━━━ Provided records ━━━
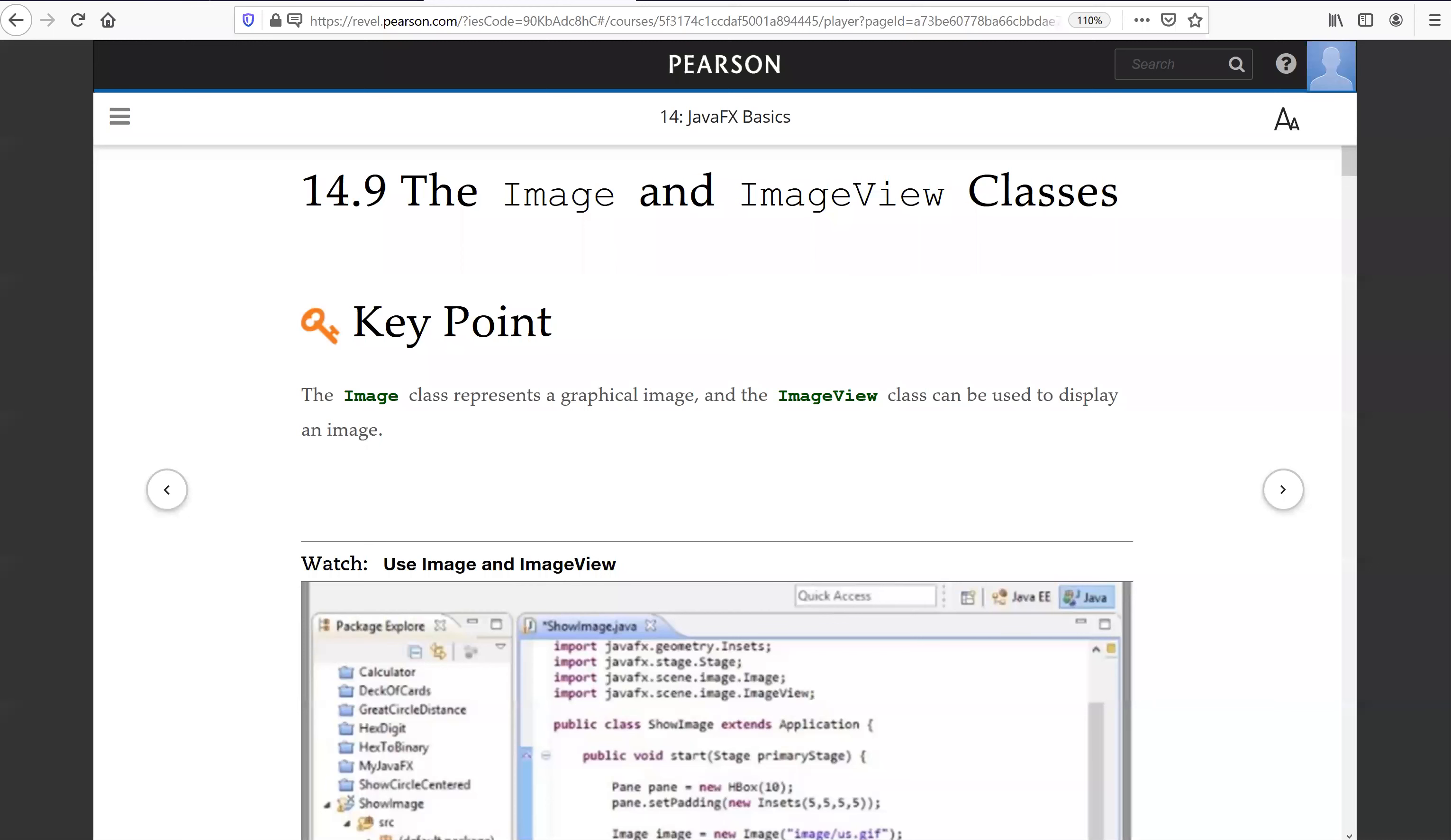Hello, in this video we will introduce the Image and ImageView classes. The Image class represents a graphic image and ImageView class can be used to display an image.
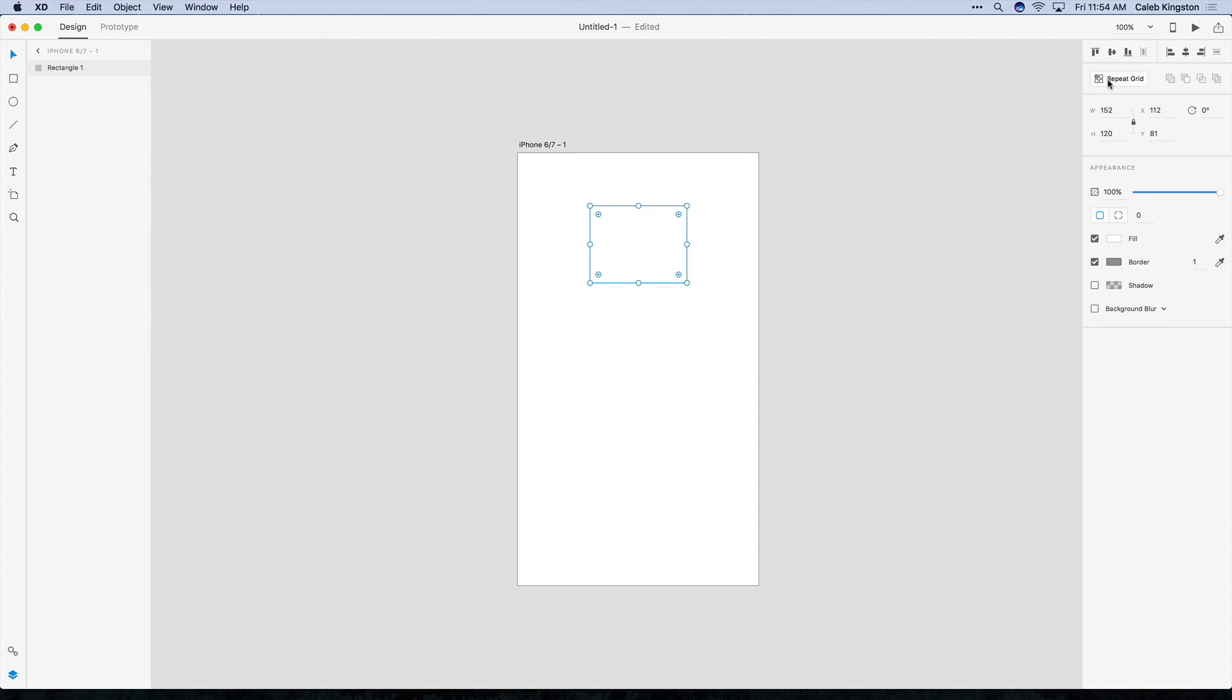We also have buttons in the properties panel for repeat grid, which we'll get to in a later video, and also for boolean effects for being able to join layers together, subtract them, and other things. And this is also something that we're going to get to in a later video.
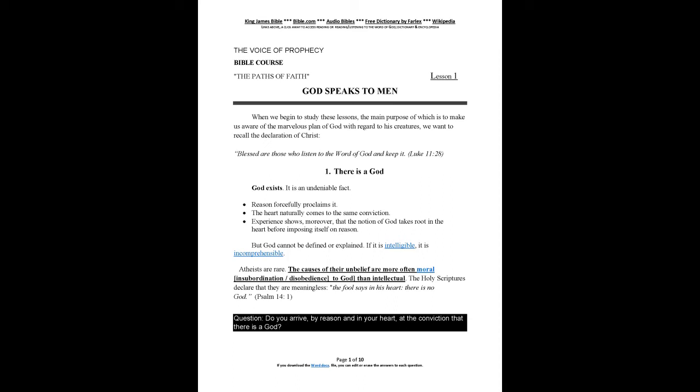The Voice of Prophecy. Bible Course: The Paths of Faith, Lesson 1 - God Speaks to Man. When we begin to study these lessons, the main purpose of which is to make us aware of the marvelous plan of God with regard to his creatures, we want to recall the declaration of Christ: Blessed are those who listen to the Word of God and keep it. Luke 11:28.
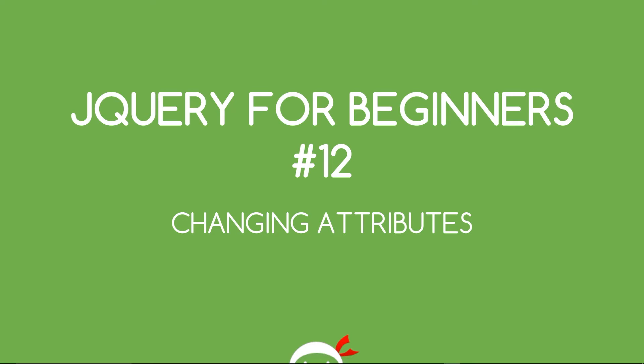Yo, what's going on guys? You're watching jQuery for beginners lesson 12 and in this video we're going to start changing some attributes.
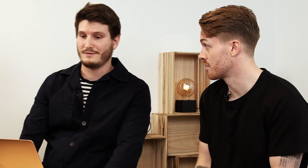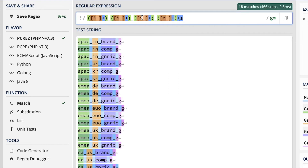Did you talk about campaign naming convention? Yeah, absolutely — it's a core component. Well, if you have one that respects this type of pattern such as region, country, campaign type, then with a really easy RegX you'll be able to create a new custom dimension that will give you insight on markets, campaign type, and other things.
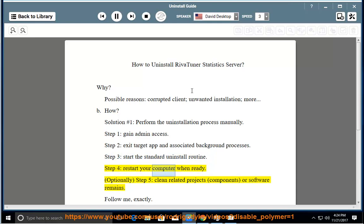Step 4: Restart your computer when ready. Optionally, Step 5: Clean related projects, components, or software remains.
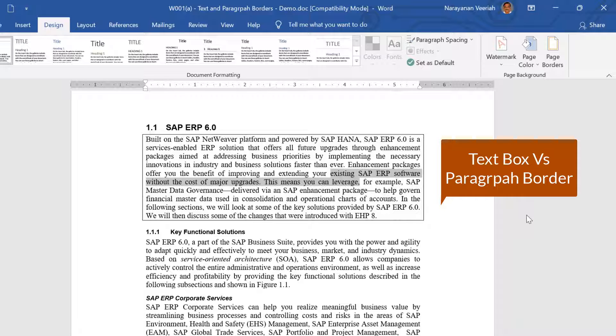Also, when a paragraph overflows to another page, the paragraph border also overflows automatically, unlike the text box that you may need to manually adjust or insert a new text box in such a case.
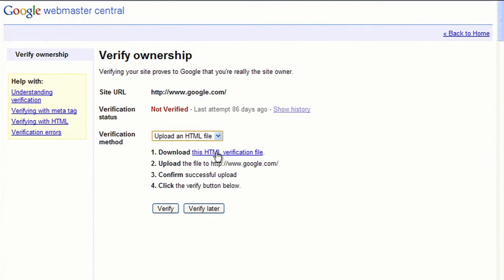Once you've verified your ownership, Google will allow you to view a wealth of information about your site, as well as modify different settings that affect how Google indexes and crawls it. Although site verification takes only a few minutes, Webmaster Tools may need a few days to gather report information regarding your site.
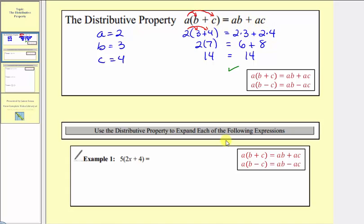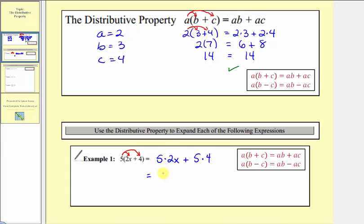Now let's look at some additional examples. We're asked to use the distributive property to expand. Example one: we have five times the quantity two x plus four. So we'll distribute the five and have two products: five times two x plus five times four, which equals ten x plus twenty. So here's our product after distributing.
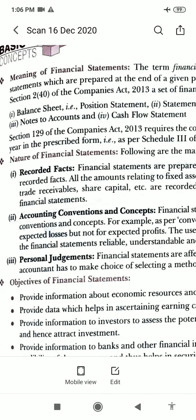Welcome to your accountancy class. In today's class we will start a new chapter: Financial Statements of a Company. Financial statements are summarized statements of accounting data prepared by an enterprise at the end of an accounting process, that is after preparing the trial balance. They show the organized summaries of detailed information of the financial performance of an enterprise for an accounting period, and financial position at the end of an accounting period.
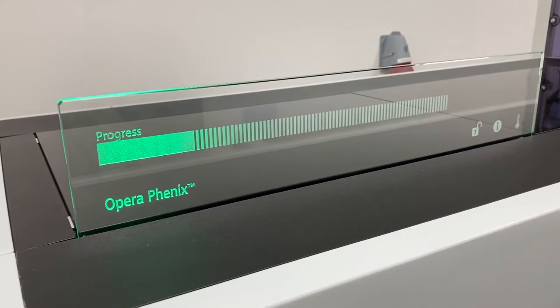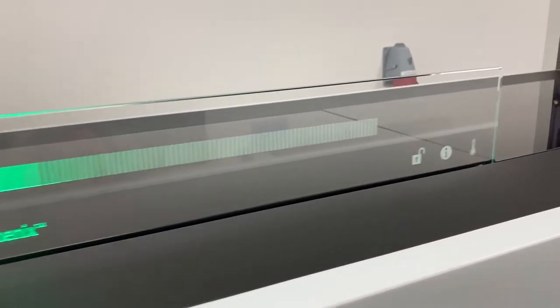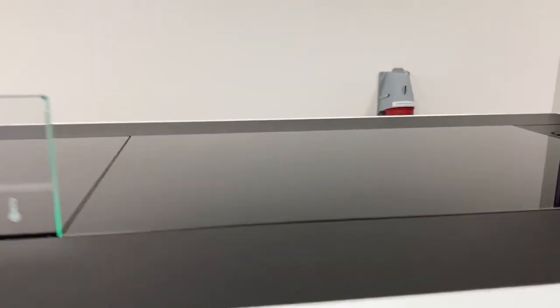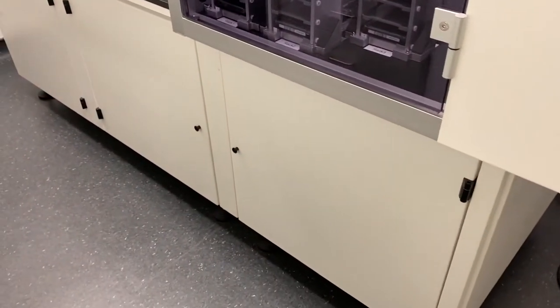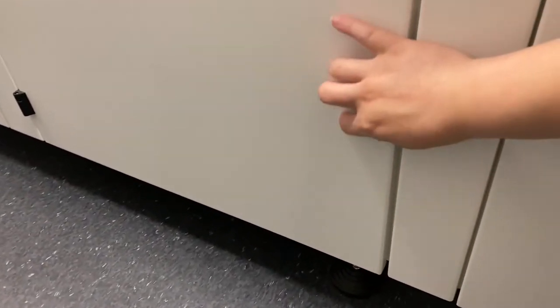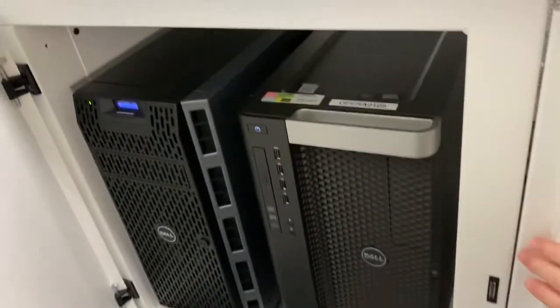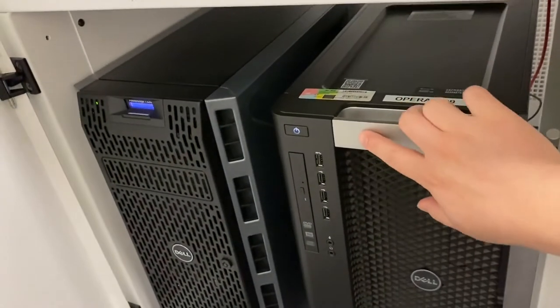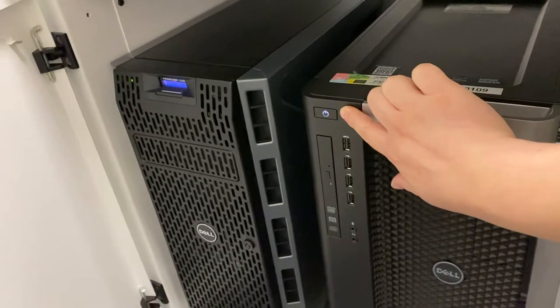This glass panel should light up in green. If you need to switch on the computer, it's in this cupboard down here, and you want to press this to switch on the computer.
━━━
**Try it:** Range to copy from the listing above: the line with "We also have" through the line with "Yo, what's going". Transcribe it exactly and skip the pictures.

**Final answer:**
We also have buttons in the properties panel for repeat grid, which we'll get to in a later video, and also for boolean effects for being able to join layers together, subtract them, and other things. And this is also something that we're going to get to in a later video.
The Voice of Prophecy. Bible Course: The Paths of Faith, Lesson 1 - God Speaks to Man. When we begin to study these lessons, the main purpose of which is to make us aware of the marvelous plan of God with regard to his creatures, we want to recall the declaration of Christ: Blessed are those who listen to the Word of God and keep it. Luke 11:28.
Yo, what's going on guys? You're watching jQuery for beginners lesson 12 and in this video we're going to start changing some attributes.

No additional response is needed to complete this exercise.